§ GIVEN DATA:
###
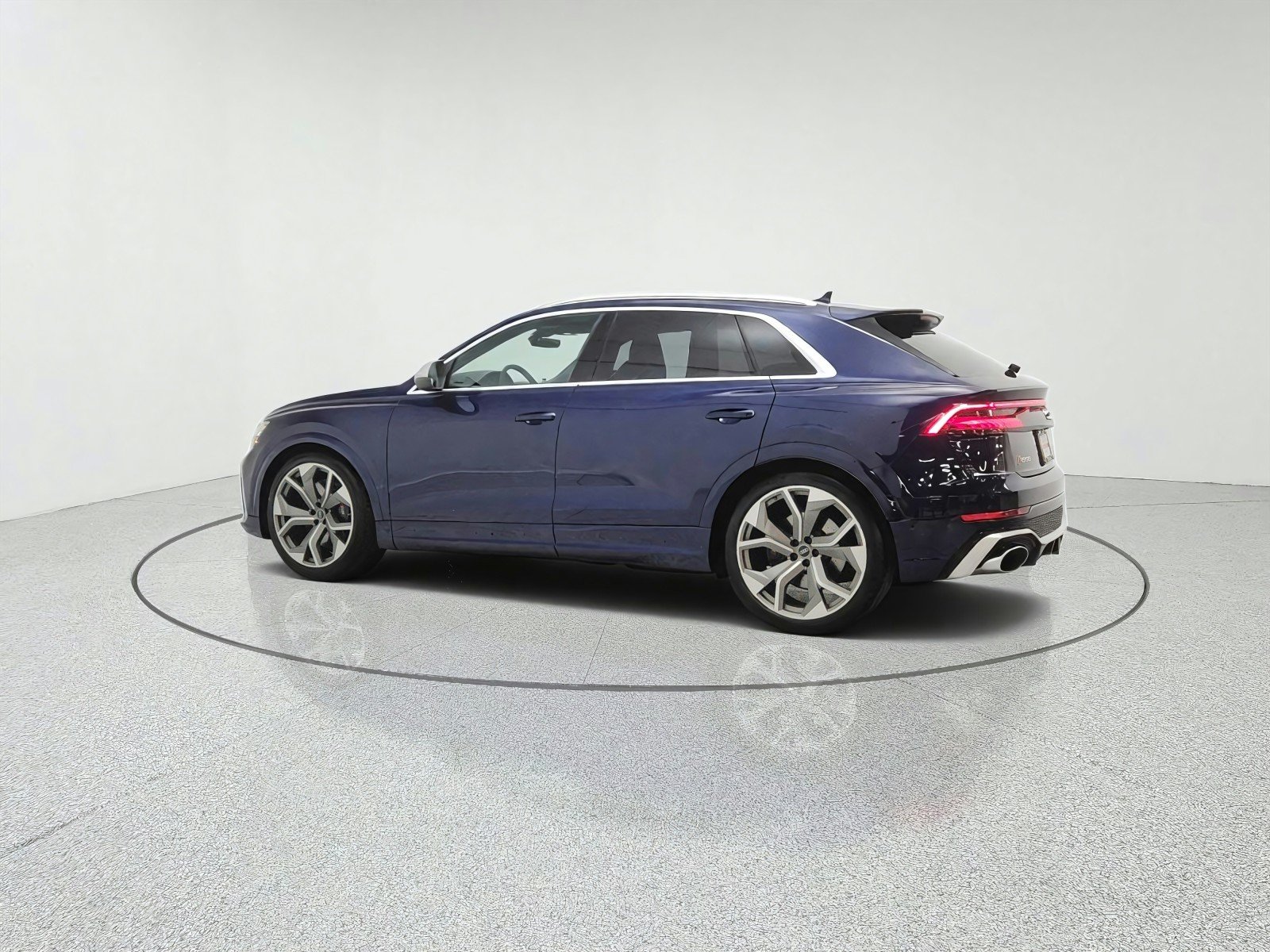 Used 2024 Navarra Blue Metallic Audi  image 7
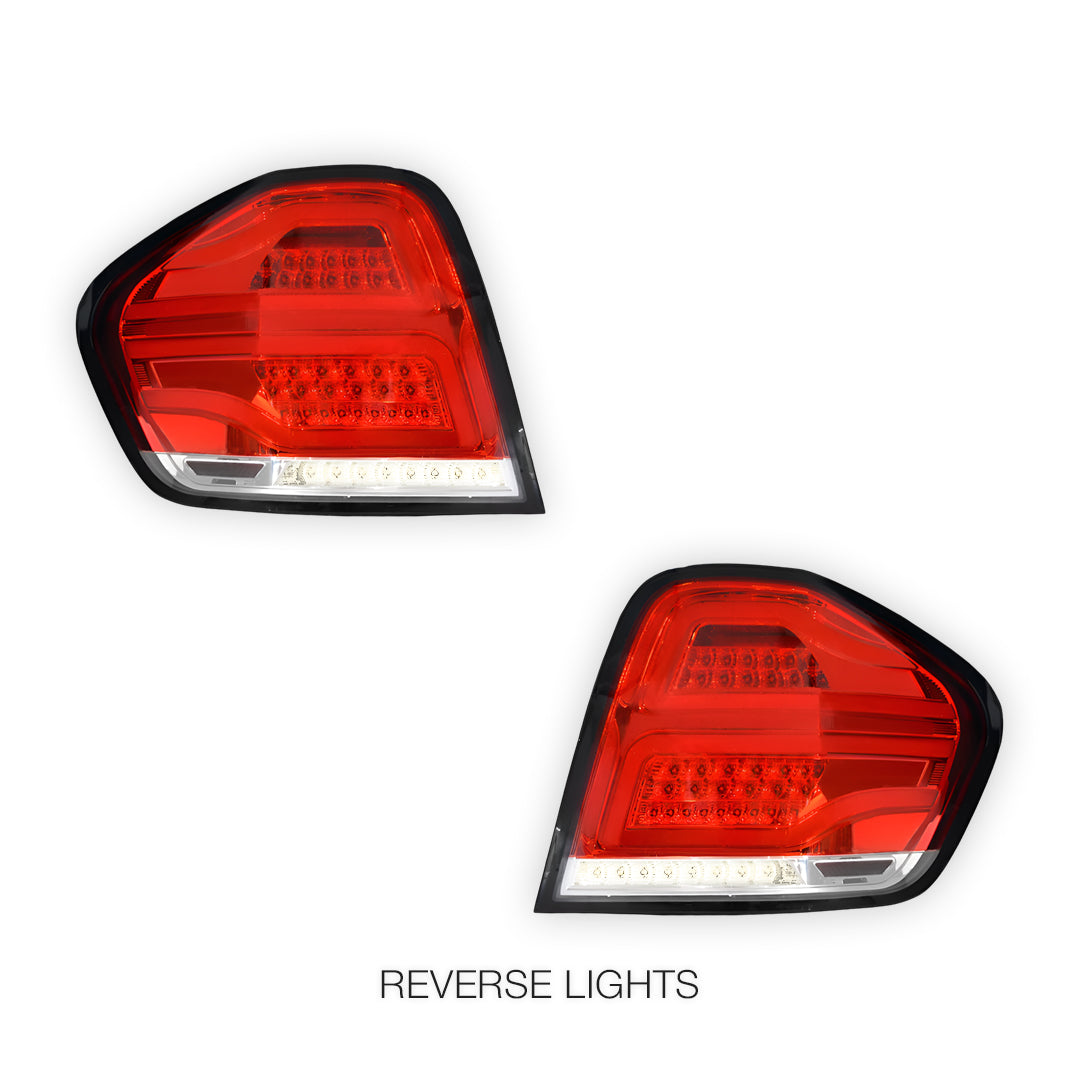 Mercedes-Benz ML-Class W164 (2006 - 2008) Full LED Tail Lights LH + RH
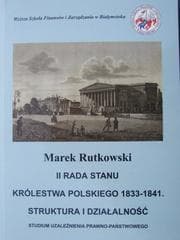 Tapa de II Rada Stanu Królestwa Polskiego 1833-1841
###
§ YOUR TASK: With images left out, the data must be transcribed exactly.

§ ANSWER TO THE PROBLEM:
 Used 2024 Navarra Blue Metallic Audi  image 7
 Mercedes-Benz ML-Class W164 (2006 - 2008) Full LED Tail Lights LH + RH
 Tapa de II Rada Stanu Królestwa Polskiego 1833-1841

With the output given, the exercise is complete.